Note that I require $f$ to be defined on the entirety of $\mathbb{R}^2$.

There are a few examples of open functions that are not continuous. Most examples I found were functions $f$ with the property that $f(U)=\mathbb{R}^2$ for all open $U\subseteq\mathbb{R}^2$. The extra requirement that $f$ needs to be closed makes things a lot harder, though.

I believe the answer is no, such a function does not exist. My main motivation is the following observation.

Proposition: Let $f:\mathbb{R}^2\to\mathbb{R}^2$ be open and closed. If $x_n\to x$ and $f(x_n)$ is bounded, then $f(x_n)\to f(x)$.

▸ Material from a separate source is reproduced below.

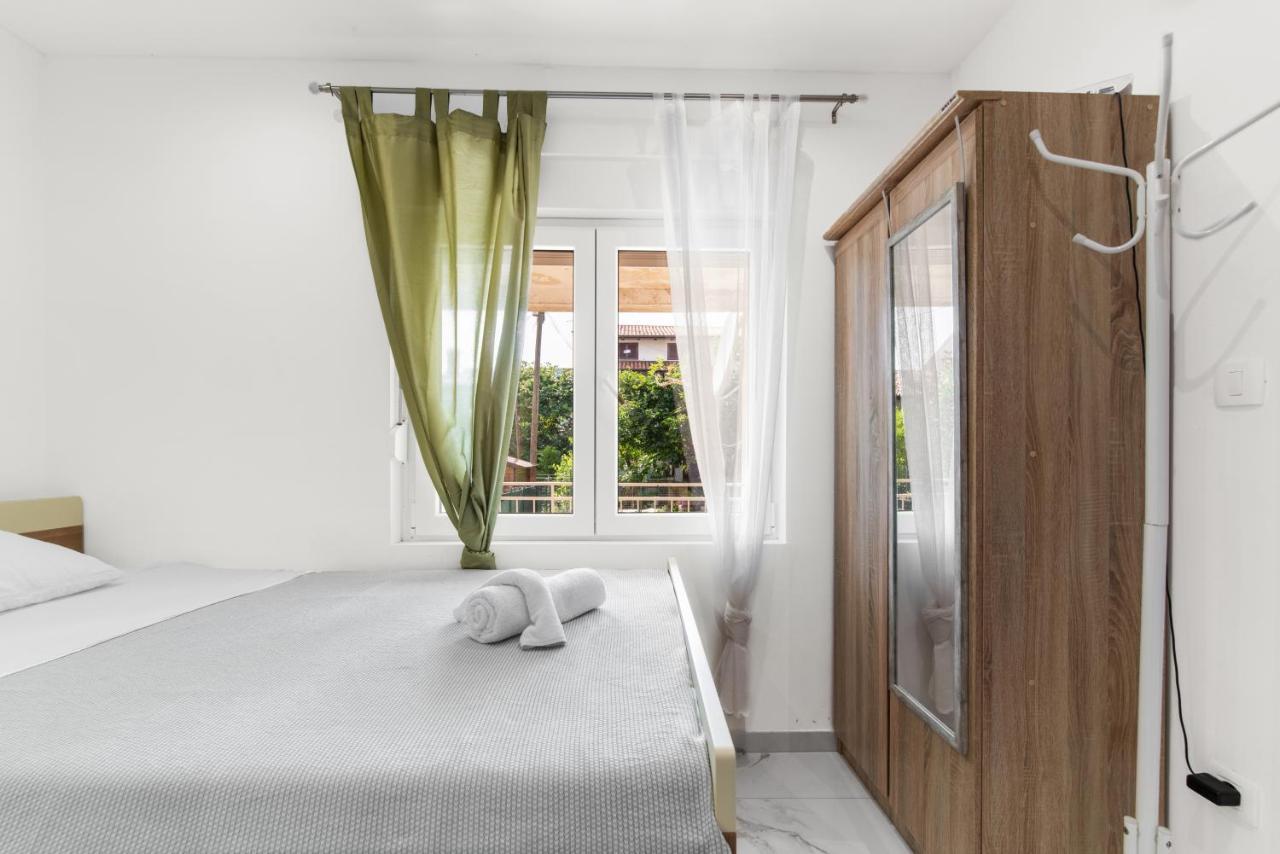 Alice Rooms Porec Bagian luar foto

Proof of 1: Let $f(x_{n_i})$ be a convergent subsequence of $f(x_n)$ with limit $p$. For all $i$ let $y_i=x_{n_i}$ if $f(x_{n_i})\neq p$. Otherwise, let $r=d(x_{n_i},x)$. Then $B_r(x_{n_i})$ is open, so $f(B_r(x_{n_i}))$ is open as well. So $f(B_r(x_{n_i}))\cap B_r(p)\setminus\{p\}$ is not empty. So we can choose $y_i\in B_r(x_{n_i})$ such that $f(y_i)\in B_r(p)\setminus\{p\}$.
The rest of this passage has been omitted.